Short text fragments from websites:
[Start of section]

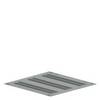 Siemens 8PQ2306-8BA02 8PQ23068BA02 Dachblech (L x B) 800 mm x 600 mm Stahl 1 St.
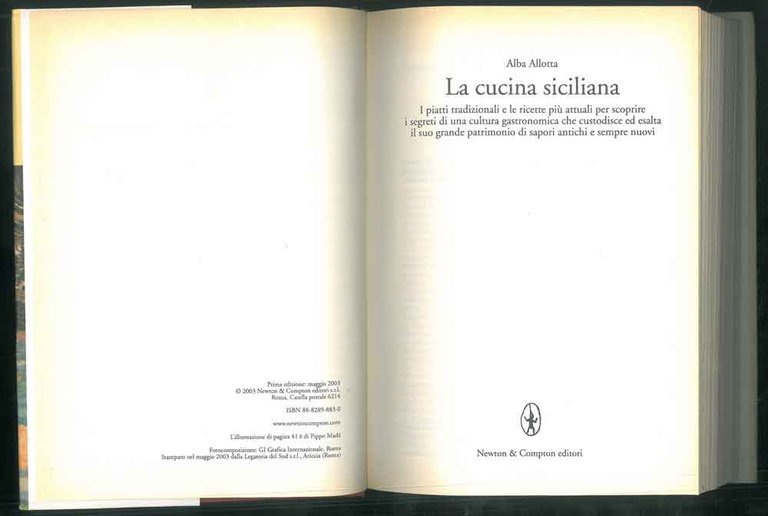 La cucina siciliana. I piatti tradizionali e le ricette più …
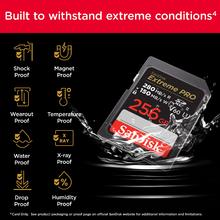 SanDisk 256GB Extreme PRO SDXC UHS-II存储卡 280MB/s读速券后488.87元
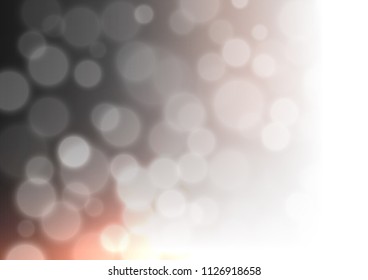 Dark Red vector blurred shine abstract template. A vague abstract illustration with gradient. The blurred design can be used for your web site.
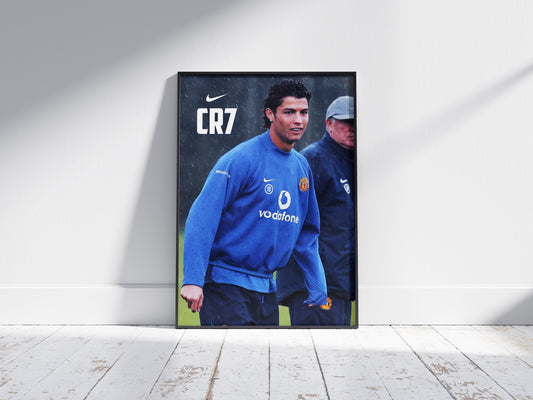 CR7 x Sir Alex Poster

[End of section]
[Start of section]

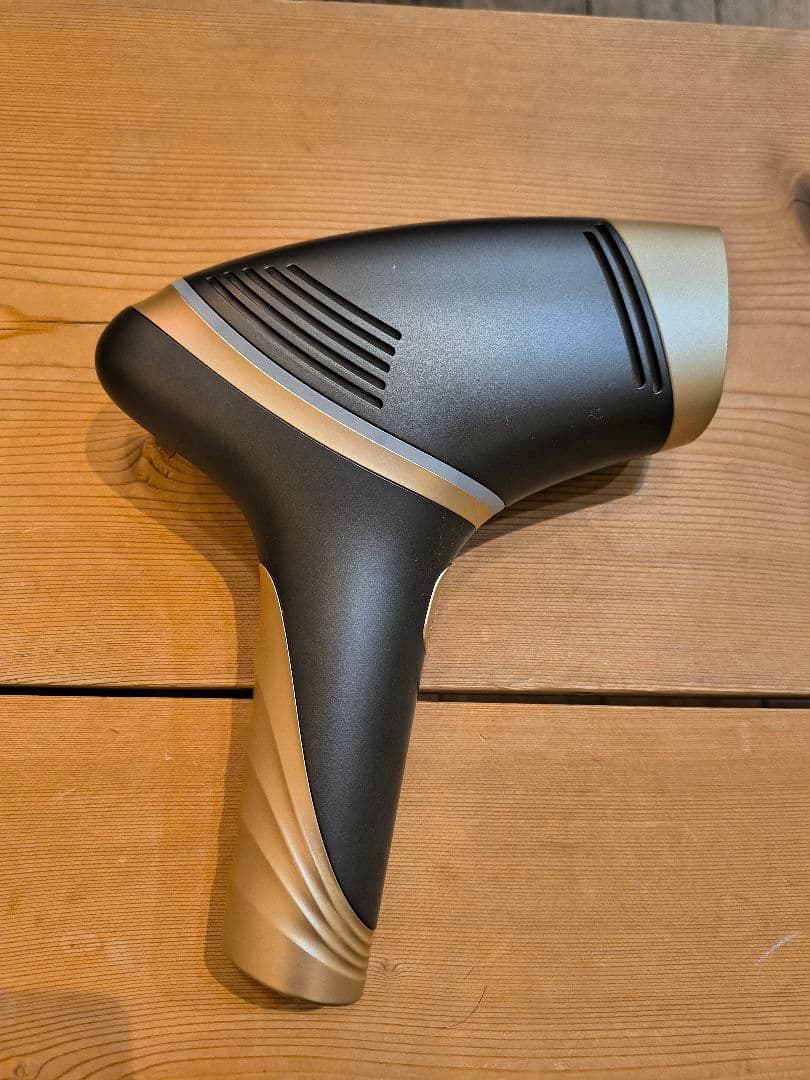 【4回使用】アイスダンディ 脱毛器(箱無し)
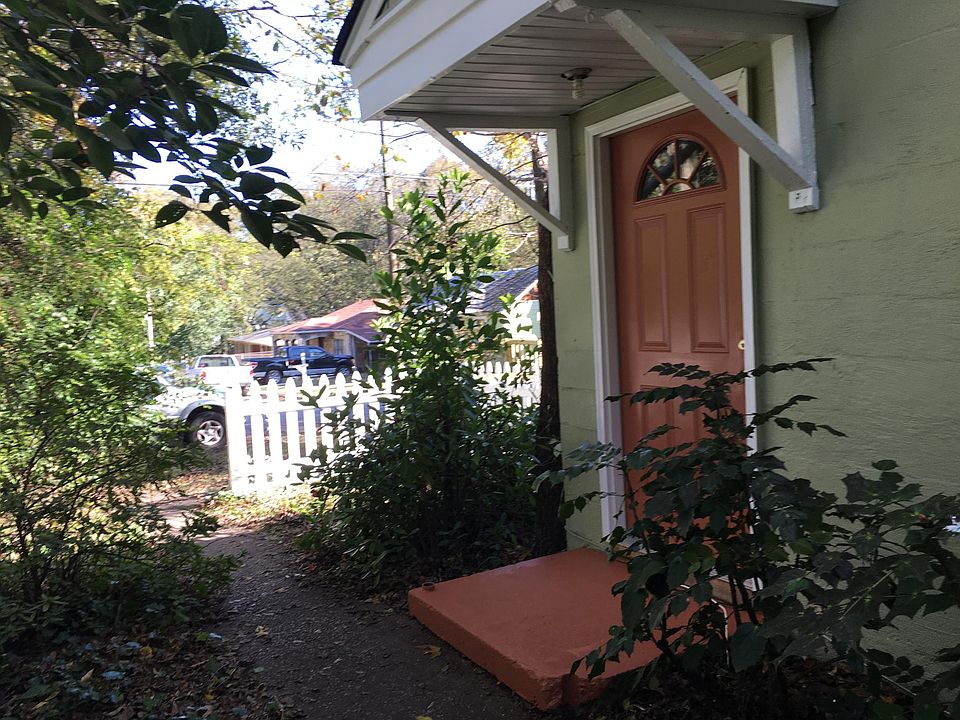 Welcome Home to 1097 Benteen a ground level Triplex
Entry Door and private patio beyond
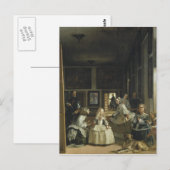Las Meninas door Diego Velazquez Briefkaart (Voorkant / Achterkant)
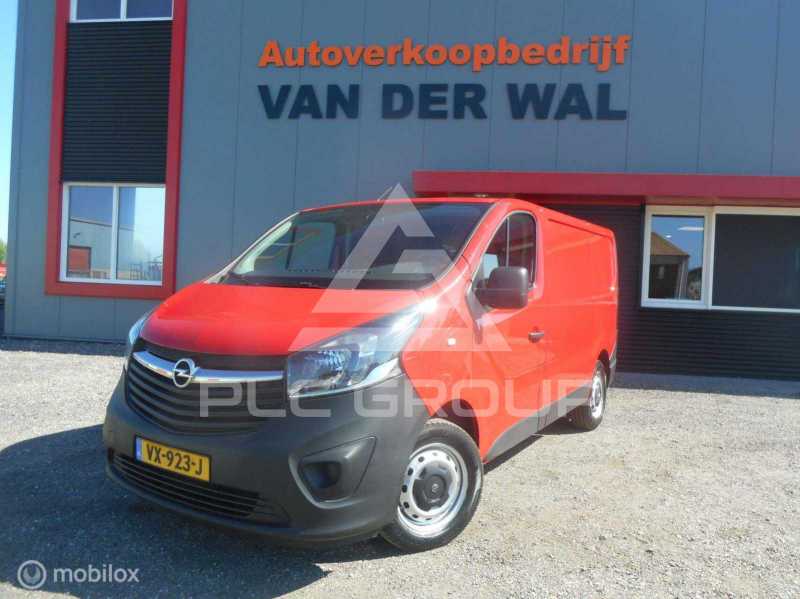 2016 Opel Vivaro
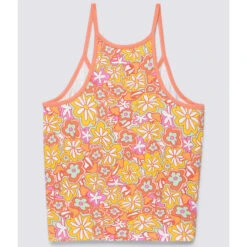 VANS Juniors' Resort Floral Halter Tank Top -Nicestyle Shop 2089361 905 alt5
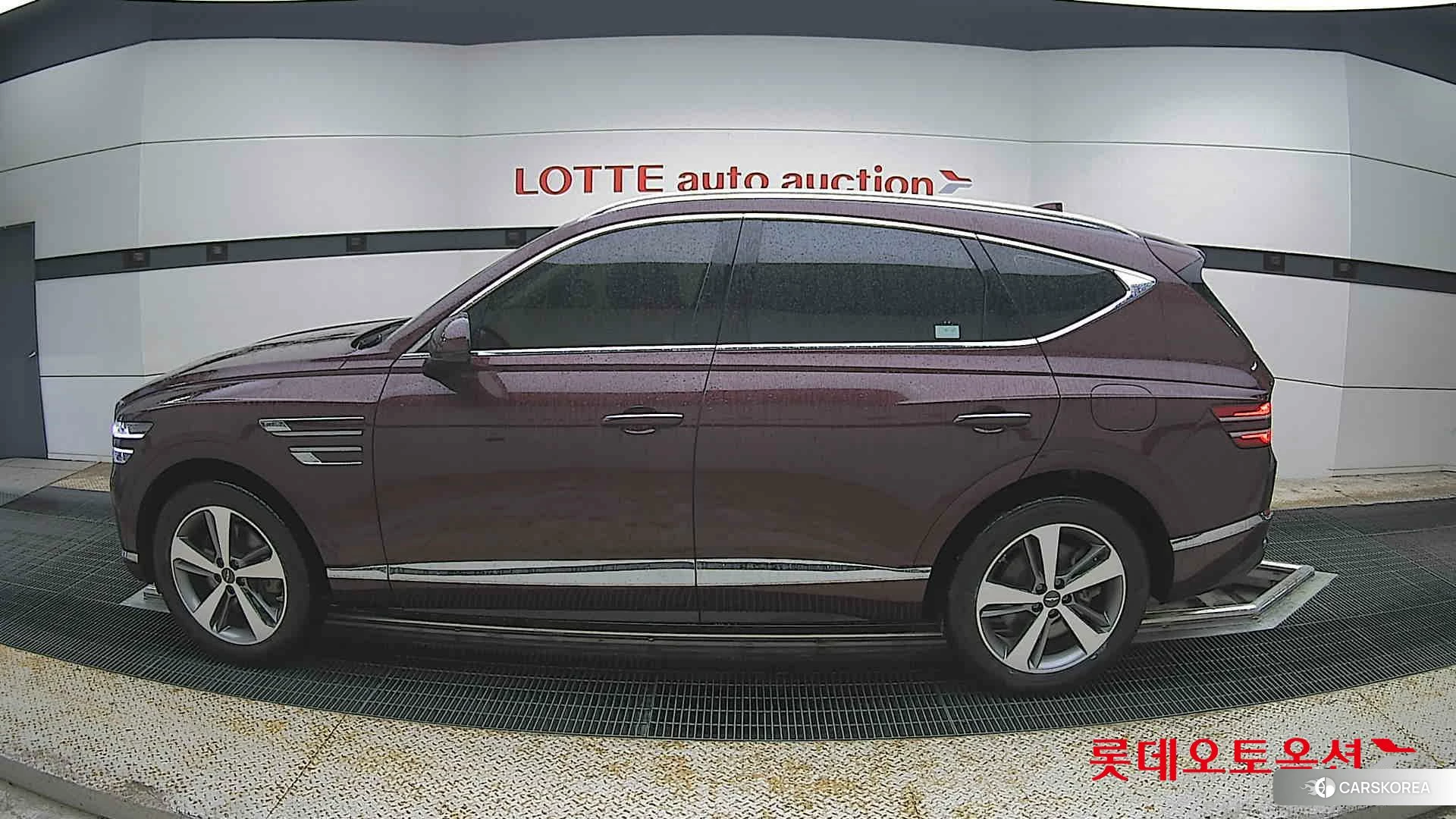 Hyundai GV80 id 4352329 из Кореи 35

[End of section]

◆ WHAT YOU WILL DO ◆
Write out again exactly the lines above from the one with "Siemens 8PQ2306-8BA02 8PQ23068BA02" through the one with "CR7 x Sir Alex Poster", adding no other lines and no pictures.

◆ REPLY TO THE TASK ◆
 Siemens 8PQ2306-8BA02 8PQ23068BA02 Dachblech (L x B) 800 mm x 600 mm Stahl 1 St.
 La cucina siciliana. I piatti tradizionali e le ricette più …
 SanDisk 256GB Extreme PRO SDXC UHS-II存储卡 280MB/s读速券后488.87元
 Dark Red vector blurred shine abstract template. A vague abstract illustration with gradient. The blurred design can be used for your web site.
 CR7 x Sir Alex Poster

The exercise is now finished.